Of course we need hardheaded, pragmatic political leaders. But we also need to know the object of their pragmatism, the ends that they hope to achieve.

Pragmatism can be a legitimate reason to compromise, to accept incremental progress that falls short of an unachievable ideal. It can also be a pretext to defeat achievable reforms without an honest debate.

American voters are usually wary of radical, jarring change. Sincere reformers gladly take half a loaf, fight rear-guard skirmishes to protect past reforms, and wait for a moment when more is possible.

One such moment was 1933. Another was 1965. A third was 2009, at least for reforms that addressed the immediate causes of the financial crisis and the deep recession, despite Republicans' scorched earth opposition.

Americans strongly favored tough, even radical reforms to Wall Street, not cosmetic tweaks to the bailed-out financial system.

The elites who have filled economic policy roles in recent administrations, Democratic and Republican alike, did not share the public's enthusiasm for tough reform. And they regarded economic policy as the province of experts into which the opinion of the rabble should not intrude. "Our job was to fix it," former Treasury Secretary Timothy Geithner said, "not to make people like us."

When public opinion was considered, it forced tougher reforms than elites wanted.
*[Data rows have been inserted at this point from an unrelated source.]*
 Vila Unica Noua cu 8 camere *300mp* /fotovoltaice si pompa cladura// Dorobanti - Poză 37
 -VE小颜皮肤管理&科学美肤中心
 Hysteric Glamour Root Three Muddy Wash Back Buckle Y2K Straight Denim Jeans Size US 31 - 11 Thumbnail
The Dodd-Frank Act as first introduced did not include a limit on proprietary trading by banks, the Volcker Rule. When President Obama embraced the idea with great fanfare, Wall Street sources were "startled and disappointed" that the President went beyond "the more moderate approach Geithner proposed" with Wall Street's support. The Obama Administration defended the idea on the merits, but privately acknowledged to reporters that the idea had "the political value of seeming tough on Wall Street."

Geithner bit his tongue in public. "Just because things seem populist doesn't mean they're not the right thing to do," he said.
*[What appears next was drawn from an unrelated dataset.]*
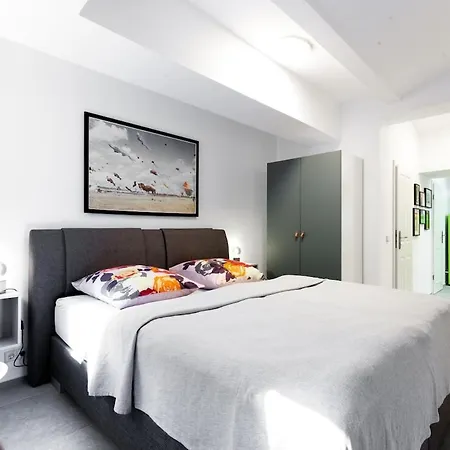 P22 22 Prenzlauer Berg Apartment Berlin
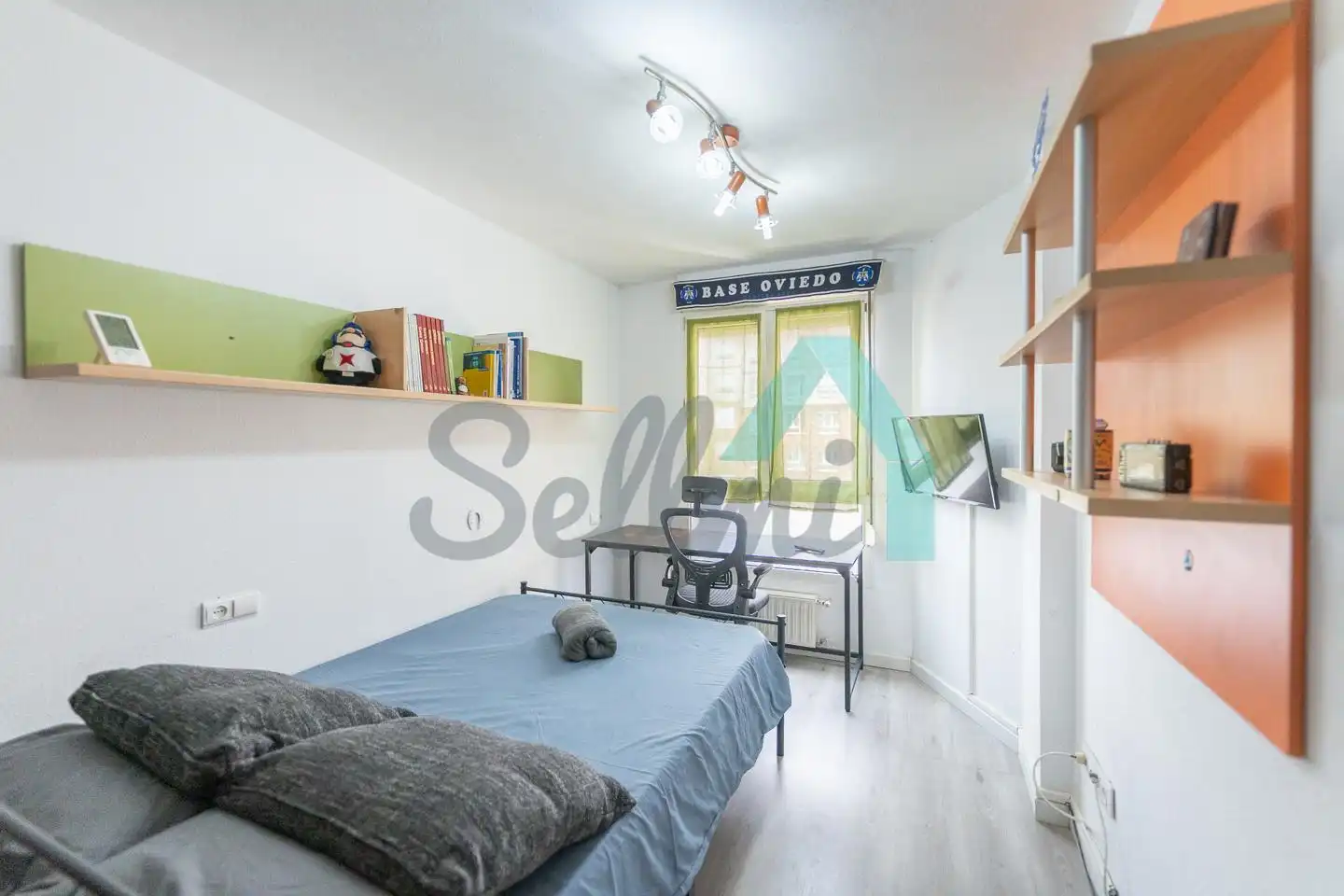 Bedroom of Flat for share in Oviedo   with Heating, Furnished and Internet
But elites won more fights against tough reform than they lost, usually in behind-the-scenes maneuvers, not public debate. Elites dismissed tough reforms as simplistic in "not for attribution" interviews with favored reporters, despite the strong intellectual support for many proposals. Even proposals that sounded sensible, they argued, could have "unintended consequences."

Administration elites privately lobbied against legislation to allow judicial modification of mortgages in bankruptcy. The legislation would have helped millions of families save their homes from foreclosure but would have complicated the effort to help shaky banks appear sound. President Obama supported the legislation as a candidate and never publicly wavered from that position.

The legislation was defeated in a Senate vote.

They privately opposed the effort to limit shadow bank loans. The week before Lehman Brothers entered bankruptcy it had $200 billion in overnight shadow bank loans, which made an orderly insolvency impossible. A run in the shadow bank system led to Lehman's catastrophic collapse.

Sheila Bair and the FDIC proposed to limit the favored treatment of shadow bank loans in insolvency. Leading scholars, including one then on the faculty of Harvard Law School, Elizabeth Warren, supported the proposal.

The proposal passed the House but died in the Senate.

The administration never took a public position on the proposal by Senators Ted Kaufman and Sherrod Brown to cap the size of banks, which would have broken up the six biggest banks. But when the proposal failed in the Senate, administration elites privately took credit. "If we'd been for it," an unnamed "senior Treasury official" said, "it probably would have passed. But we weren't and it didn't."

Elites did not take half a loaf on Wall Street reform because American voters were queasy that tougher reform went too far. American voters and elites wanted a different loaf.